Thursday 19 January 2012

The Working Woman


Through my research (googling) of women taking the role of working mother versus housewife I came up with some very surprising, very interesting conclusions concerning the topic of the “working woman”. This is a basic summary of what I found though of course there are always exceptions.

From the time of Christ (and certainly since the beginning of time) up until the 1700s women did not work outside the home. They were employed to sew and take care of the children. Their education also consisted of basic reading and writing skills (varying over the ages depending on the era ie in the dark ages it was mostly only the wealthy and the monks who were educated). Women took care of their homes.


According to the writings of Jane Austen which focuses on life in the late 1700s and early 1800s women did not work. At best a woman without inheritance or who didn’t marry into wealth would become a governess (a type of live-in teacher) who educated the children of wealthy families in geography, literature, foreign languages and accomplishments such as the pianoforte or painting. Higher education was not available to women and at this time women were under the care of either their fathers or their husbands. They had no social or marital responsibility to work and earn a living.



The start of women taking paid work came about in 1800s at the start of the industrial revolution. Women moved from the country where they worked on farms to the towns where they worked in factories. These women needed the money and were willing to take low pay in harsh working conditions.  Women still were not working as professionals.


Up until about the 1950s women worked until they got married and had children. These jobs usually included nursing, teaching or secretarial work. At the start of World War 2 men went off to war and women were left to hold the fort. Labour was short and the government needed women to step into men’s jobs so that economies would not collapse. This seems to have started the trend of mothers leaving home to work, where previously it was mostly single women or widows who would work.
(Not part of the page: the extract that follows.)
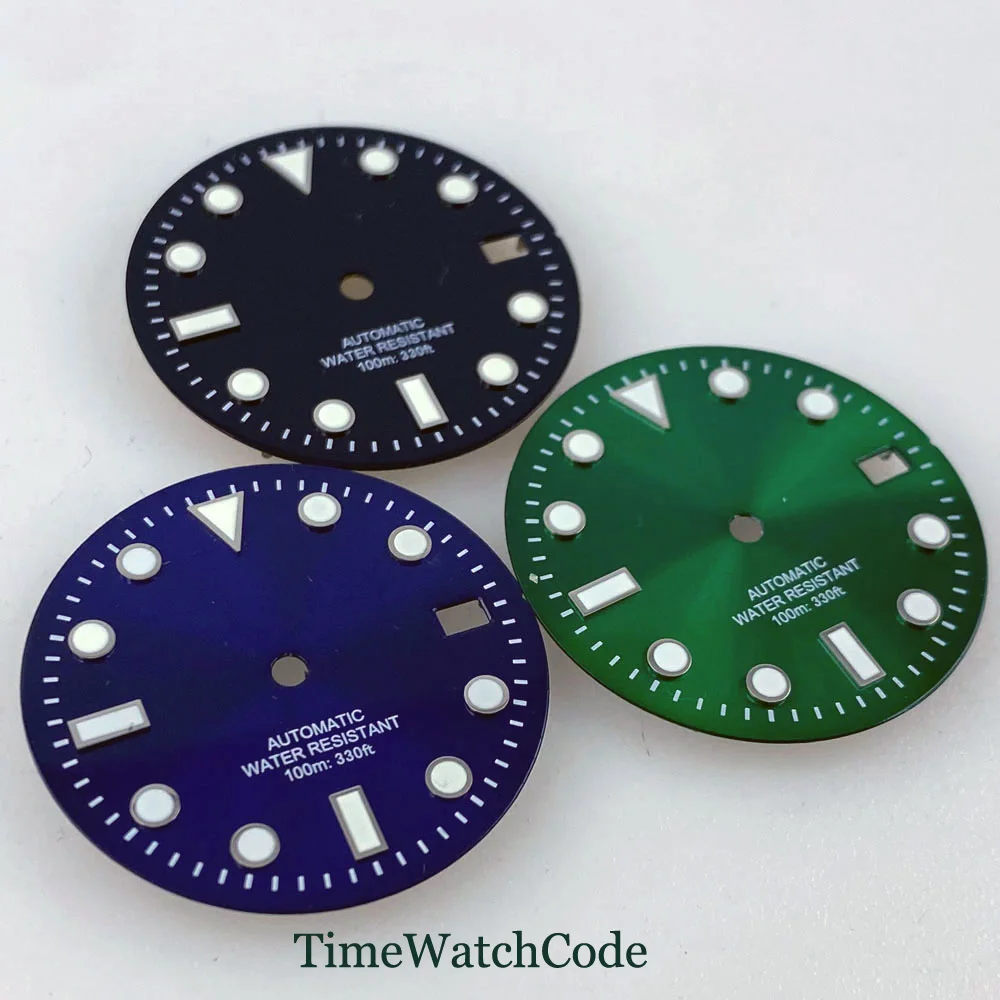 29mm Sunburst Finish Watch Dial Face Watches Hands Fit NH35 NH36 NH38 Movement Green Luminous Date Window Accessories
This continues today with women taking ever higher paid jobs.

My conclusion is this: women have always been industrious whether they worked to clothe and feed their families or whether they worked outside the home to earn an income. Always industrious and always worthy. With the progression of time women have received better education and more options in terms of career, but at the same time seem to receive less care and regard from the men who should be caring for them. One side of the scale tips up; the other tips down. We pile onto the man's side of the scale and we all sink as a result (higher divorce rate; troubled teens; increased violence)... Again it comes down to masculinity and femininity: there are two sides to the scale. The question is, how does this scale balance in an environment where mothers work; how does it work in the society we have created today?